13.2 Any standing orders adopted by the executive board shall be consistent with the law and these Articles of Association. The executive board shall have the authority to amend or withdraw the standing orders, subject to the provisions of the second sentence of Article 17.1.
14.1 An executive board member who has a conflicting interest in a matter to be decided by the executive board shall immediately inform the executive board.
14.2 An executive board member shall not participate in the discussion of and decision-making regarding any matter in which he or she has a conflicting interest. If the non-participation of a member in accordance with the foregoing prevents the executive board from passing a valid resolution, the matter shall be referred to the general meeting for decision-making, unless the general meeting delegates the decision to one or more persons. The person or persons to whom the decision is delegated may be, or may include, an executive board member or members with a conflicting interest or interests, in which case the first sentence of this clause shall be ineffective.
14.3 An executive board resolution shall require a simple majority of votes cast at an executive board meeting.
14.4 Subject to the provisions of Article 18.2, each executive board member shall be entitled to cast a single vote on any matter decided at an executive board meeting.
14.5 An executive board member shall be entitled to be represented at an executive board meeting by a proxy, providing that the member in question does not have a conflicting interest in a matter to be decided at the meeting.

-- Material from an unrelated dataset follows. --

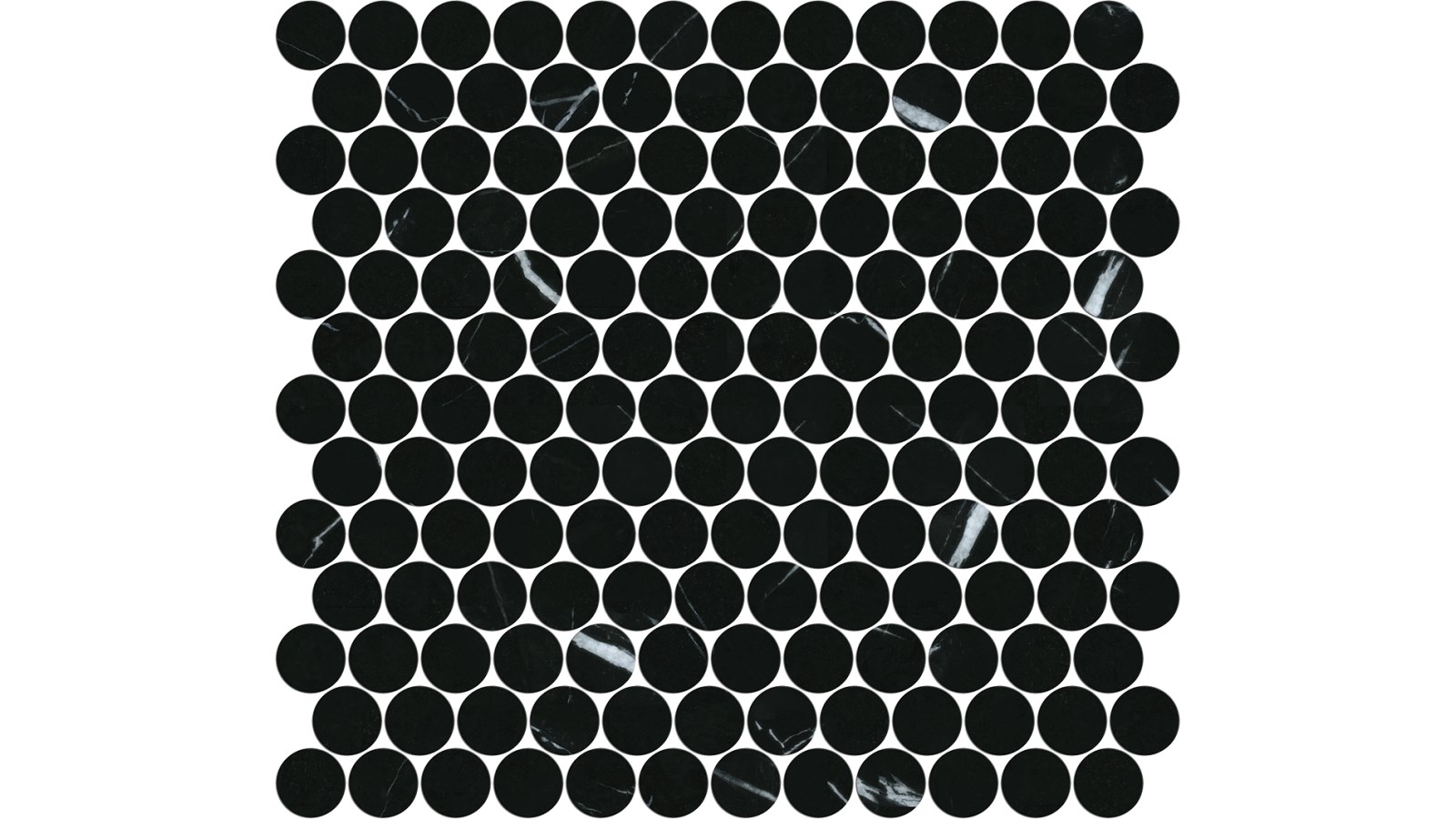 Artemis Nero Maquina Penny Round 23x23mm Honed Tile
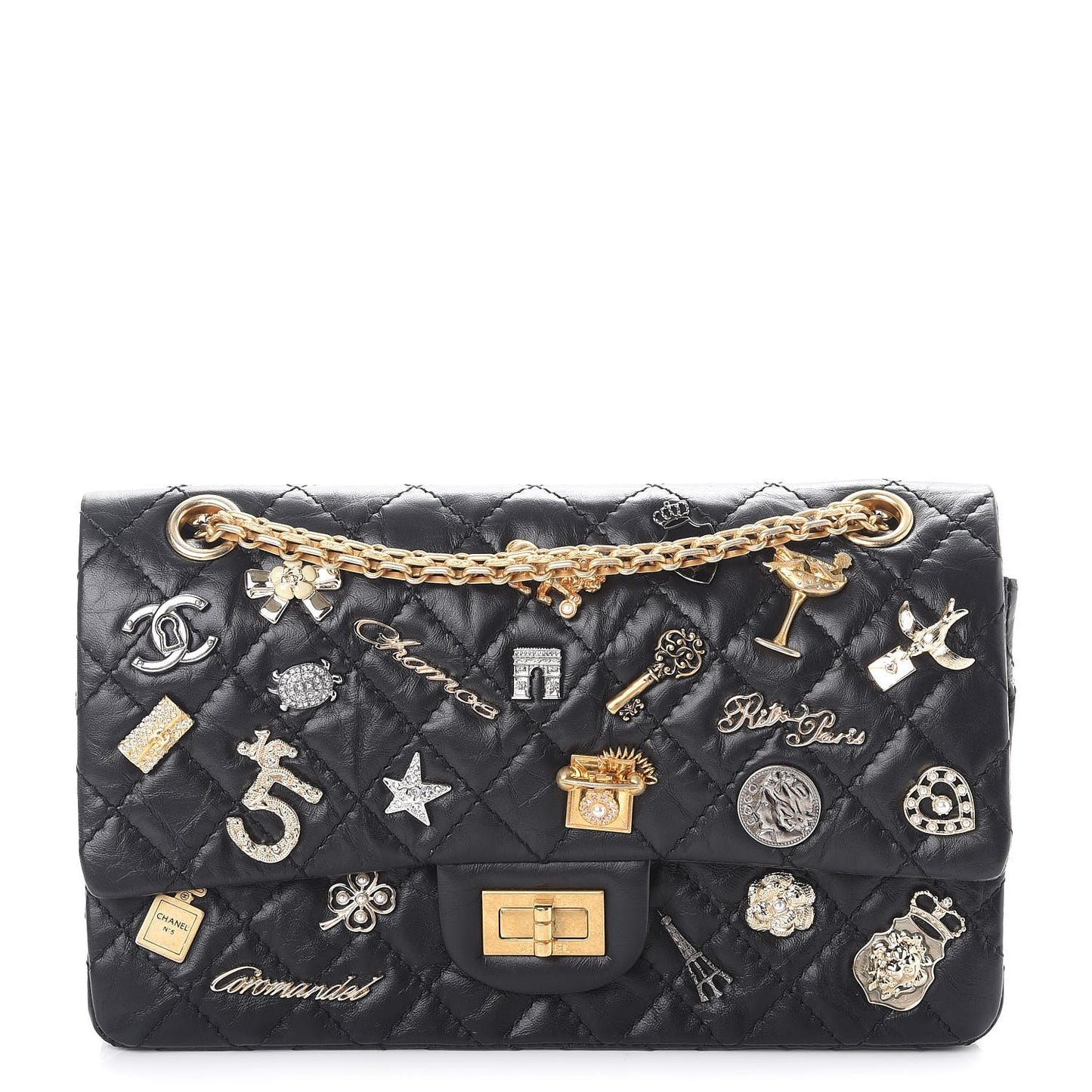 Aged Calfskin Lucky Charms 2.55 Reissue 225 Flap Black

In that context, the proxy must be another executive board member who has no conflicting interest and is in possession of a written letter of proxy.
14.6 An executive board member shall be entitled to participate in an executive board meeting by electronic means. The chair of the executive board may determine that all participation in an executive board meeting is to be by electronic means, providing that no executive board member objects. Participation by electronic means shall always be subject to the condition that each executive board member participating by such means is identifiable and able to play a normal part in discussion and decision-making.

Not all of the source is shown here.